For "systemctl iptables stop" I have waited around a minute before 
using control C. After running "systemctl stop wireguard" or 
"systemctl restart wireguard" (which will delete wg0) "systemctl stop 
iptables" will run with no noticeable delay.

For network traffic, I waited around 10 minutes and things were still not 
working. Web page loads would still time out after a minute or two. But 
I did have a few DNS lookups succeed. I'm not sure if I did something 
that allowed a value to get cached (there is a local caching resolver 
on the affected machines) or if a response eventually made it through. 
After "systemctl restart wireguard" things start working normal right 
away. So I don't know the delay for specific traffic, but it looks to 
be at least a minute for most traffic. The problem does not seem to 
resolve for at least 10 minutes, though I don't think I have ever seen it 
resolve on its own.

^ permalink raw reply	[flat|nested] 11+ messages in thread

* Re: Should I expect faster recovery after one side goes down
  2017-11-27 13:49   ` Bruno Wolff III
@ 2017-11-27 17:33     ` Bruno Wolff III
  2017-11-27 17:36       ` Jason A. Donenfeld
  0 siblings, 1 reply; 11+ messages in thread
From: Bruno Wolff III @ 2017-11-27 17:33 UTC (permalink / raw)
  To: Jason A. Donenfeld; +Cc: WireGuard mailing list

On Mon, Nov 27, 2017 at 07:49:14 -0600,
  Bruno Wolff III <bruno@wolff.to> wrote:
>On Mon, Nov 27, 2017 at 12:04:06 +0100,
> "Jason A. Donenfeld" <Jason@zx2c4.com> wrote:
>>Hi Bruno,
>>
>>The first question is - how long?

This might be related to the amount or type of traffic backed up. The two 
machines where this was very noticeable in testing had all of their traffic 
routed through the tunnel other than the encapsulating packets. (DNS traffic 
gets tunnelled.) Playing with this on my work machine where only traffic 
destined for a few specific hosts was tunnelled, I am finding it hard to 
duplicate the problem.

^ permalink raw reply	[flat|nested] 11+ messages in thread

* Re: Should I expect faster recovery after one side goes down
  2017-11-27 17:33     ` Bruno Wolff III
@ 2017-11-27 17:36       ` Jason A. Donenfeld
  2017-11-27 18:25         ` Bruno Wolff III
  0 siblings, 1 reply; 11+ messages in thread
From: Jason A. Donenfeld @ 2017-11-27 17:36 UTC (permalink / raw)
  To: Bruno Wolff III; +Cc: WireGuard mailing list

Hello Bruno,

That's some pretty weird behavior, and it sounds like whatever the
cause is is being obscured under layers of systemd.

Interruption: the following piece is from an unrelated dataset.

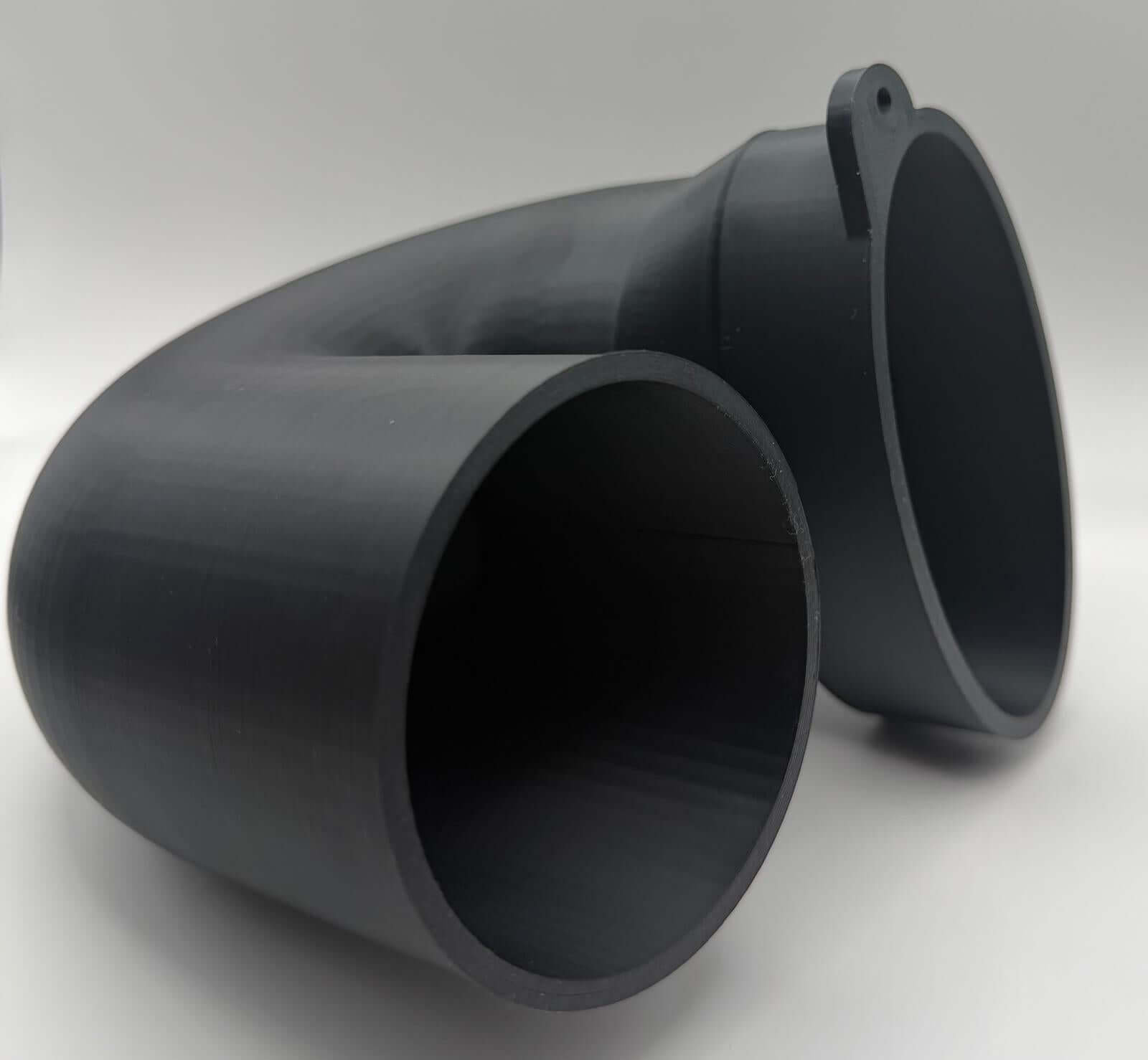 Adaptor Debitmetru BMW M57/M47 cu Cot 180° – Ieșire 80 mm, Montaj pe MAF Original, Admisie Custom - Auto - 3D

Perhaps come on
into #wireguard on Freenode and we can debug this in real time? I've
got a few ideas.

Jason

^ permalink raw reply	[flat|nested] 11+ messages in thread

* Re: Should I expect faster recovery after one side goes down
  2017-11-27 17:36       ` Jason A. Donenfeld
@ 2017-11-27 18:25         ` Bruno Wolff III
  2017-11-28  6:13           ` Bruno Wolff III
  0 siblings, 1 reply; 11+ messages in thread
From: Bruno Wolff III @ 2017-11-27 18:25 UTC (permalink / raw)
  To: Jason A. Donenfeld; +Cc: WireGuard mailing list

On Mon, Nov 27, 2017 at 18:36:23 +0100,
  "Jason A. Donenfeld" <Jason@zx2c4.com> wrote:
>Hello Bruno,
>
>That's some pretty weird behavior, and it sounds like whatever the
>cause is is being obscured under layers of systemd. Perhaps come on
>into #wireguard on Freenode and we can debug this in real time? I've
>got a few ideas.

I don't have my laptop with me at work and breaking the wireguard tunnel 
to it will break my access to it from here. I could check configuration 
from work. I can bring it with me tomorrow, otherwise I'll probably get 
home too late for you tonight and I probably won't be up late enough 
to catch you early tomorrow. 

Probably I'll be able to reproduce the issue from work.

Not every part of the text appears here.